Es un mon-keigh. No tiene más futuro que la guerra y la muerte.
Eldrad notó el desprecio que el guerrero muerto sentía por los humanos, ya que había sido una espada humana la que había acabado con su vida y lo había convertido en un espíritu dentro de una poderosa máquina de guerra. Se esforzó para que la furia del señor espectral no nublara su propio juicio de valor sobre los humanos, pero era difícil no estar de acuerdo con él dada la evidencia que mostraba su historia empapada en sangre.
Sí, los mon-keigh eran una raza brutal que vivía pura la conquista, pero aquellos humanos se comportaban de un modo diferente a lo que había visto con anterioridad, y deseó fervientemente que aquel tal Fulgrim tuviera la sabiduría necesaria para llevar la advertencia al gobernante de su raza.
Sabes que lo que digo es cierto —insistió Khiraen—. Tú mismo has visto la gran guerra que hará que se enfrenten con ferocidad entre ellos, ¿no es cierto?
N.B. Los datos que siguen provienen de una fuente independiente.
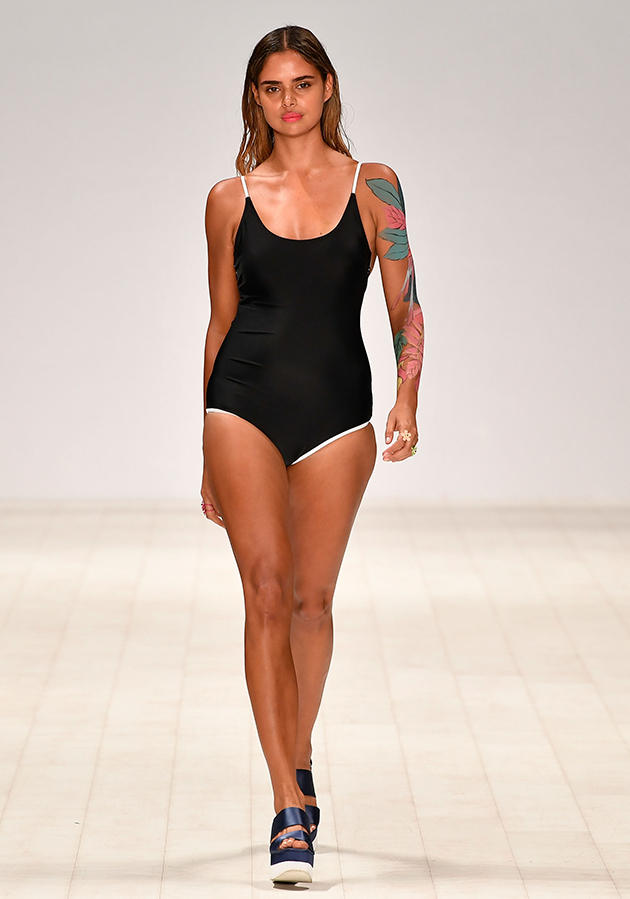 Aussie model Samantha Harris wore a black and white swimsuit and a sleeve of tattoos during the Swim show at Mercedes-Benz Fashion Week Australia.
—La he visto, gran Khiraen —contestó Eldrad, asintiendo.
Entonces, ¿por qué impedir que suceda? ¿Qué nos importa que los mon-keigh se destruyan entre ellos en mitad del juego y de la sangre? ¡Yo digo que les dejemos, porque la vida de cualquier eldar vale diez mil veces la de cualquiera de ellos!
—Estoy de acuerdo —respondió Eldrad—, pero he visto un momento en la siniestra oscuridad de un futuro lejano, un momento en el que nuestra falta de actuación sería nuestra perdición.
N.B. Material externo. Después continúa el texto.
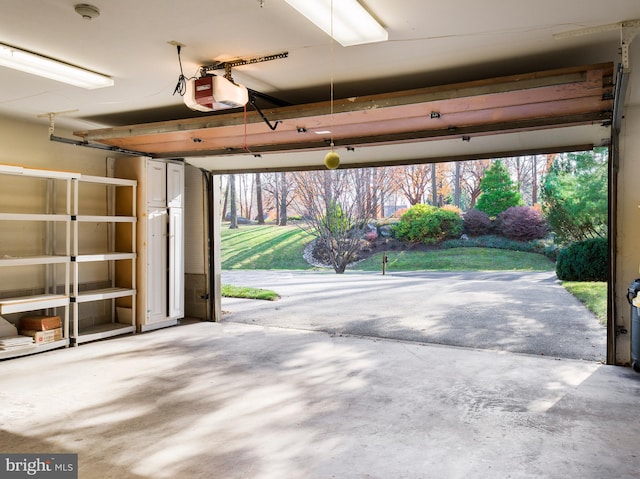 garage featuring a garage door opener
Espero que tengas razón, vidente, y que esto no sea cuestión de simple arrogancia.
Eldrad miró al grupo de guerreros con armadura que se había reunido sobre la colina y sintió un estremecimiento en el alma, ya que él esperaba lo mismo.
* * *
Fulgrim encabezó la marcha colina abajo sin preámbulo alguno. Marchaba resplandeciente con su armadura de combate y una capa dorada que destellaba de forma cegadora bajo la luz decreciente. Llevaba el cabello, de color blanco plateado, recogido en una serie de trenzas muy elaboradas, y sobre la frente una corona de laurel dorado. Le habían maquillado el rostro de blanco, por lo que parecía más pálido todavía de lo habitual, y le habían aplicado unas tintas de colores en los ojos y en las mejillas para dibujar unos elegantes traeos curvilíneos.
Fulgrim había acudido con la espada plateada colgando de la cintura, pero a Solomon le daba la impresión de que su señor iba equipado y arreglado de un modo más afín a la visión que tendría un empresario teatral de un primarca que a la propia realidad.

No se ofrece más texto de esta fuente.